Ce tableau fournit la matière première indispensable pour construire un arbre de parenté, tel que défini par le programme de SVT en classe de 6ème.
Exemple de tableau pour un exercice type
Voici un exercice arbre parenté svt 6ème s’appuyant sur des espèces classiques. Ces exemples permettent de visualiser les regroupements.
| Espèces | Bouche | Squelette interne (vertèbres) | Doigts | Plumes | Poils | Bipédie exclusive |
|---|---|---|---|---|---|---|
| Lombric | X | |||||
| Carpe | X | X | ||||
| Mésange | X | X | X | X | ||
| Chimpanzé | X | X | X | X | ||
| Homme | X | X | X | X | X |
L’analyse de ce tableau montre que le Lombric possède le moins de traits partagés avec le groupe. À l’inverse, l’Homme et le Chimpanzé cumulent le plus grand nombre de caractères communs.
Plus des espèces partagent de caractères, plus leur lien de parenté est étroit. Cet indice est la clé pour comprendre l’organisation du vivant.
La méthode des groupes emboîtés pour classer
Après avoir collecté les informations dans le tableau, l’étape suivante consiste à organiser ces données de manière visuelle. La méthode des groupes emboîtés est une technique pédagogique efficace pour y parvenir.
Définir les groupes à partir des caractères
Le concept repose sur une logique d’inclusion stricte, centrale pour tout exercice arbre parenté svt 6ème. Chaque ensemble réunit les espèces possédant un attribut biologique précis. Une catégorie peut ainsi s’insérer dans une autre, plus vaste.
Le contenant principal englobe toutes les espèces partageant le critère majoritaire.

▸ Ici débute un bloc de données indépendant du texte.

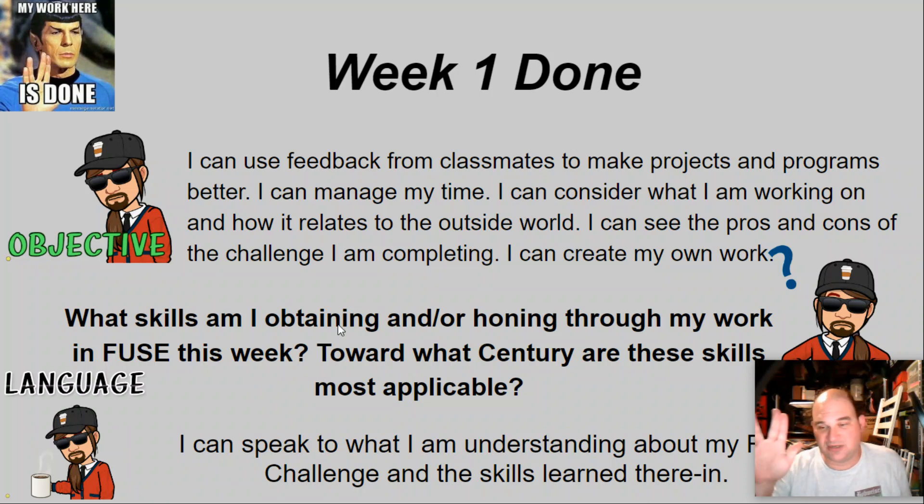Week one — my work here is done, or hopefully your work here is done. I can use feedback from classmates to make projects and programs better, manage my time, consider what I'm working on and how it relates to the outside world, see the pros and cons of the challenge I'm completing, and I can create my own work. What skills am I obtaining and or honing through my work this week, toward which 21st century skills are these most applicable?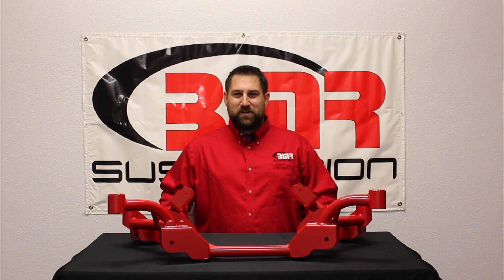For more information on the KM008 or any other 3rd Gen F body parts from BMR Suspension, give us a call or visit BMRSuspension.com. Also, be sure to like us on Facebook, follow us on Twitter, and subscribe to our YouTube channel. Thanks and we'll see you next time.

Les ensembles deviennent ensuite progressivement plus restreints et spécifiques. On affine alors la classification.
Cette modélisation visuelle, valorisée par le Muséum national d’Histoire naturelle, clarifie grandement la classification. Elle structure la compréhension des liens de parenté.
Application sur l’exemple précédent
Reprenons les données brutes du tableau comparatif analysé précédemment. L’objectif est de traduire les croix en une série de « boîtes » qui s’emboîtent rigoureusement les unes dans les autres.
- Groupe « Bouche » : englobe Lombric, Carpe, Mésange, Chimpanzé et Homme, formant la plus grande boîte.
- Groupe « Vertèbres » : réunit Carpe, Mésange, Chimpanzé et Homme à l’intérieur de la précédente.
- Groupe « Doigts » : rassemble Mésange, Chimpanzé et Homme.
- Groupe « Poils » : contient uniquement Chimpanzé et Homme.
- Groupe « Bipédie exclusive » : isole l’Homme dans la plus petite boîte.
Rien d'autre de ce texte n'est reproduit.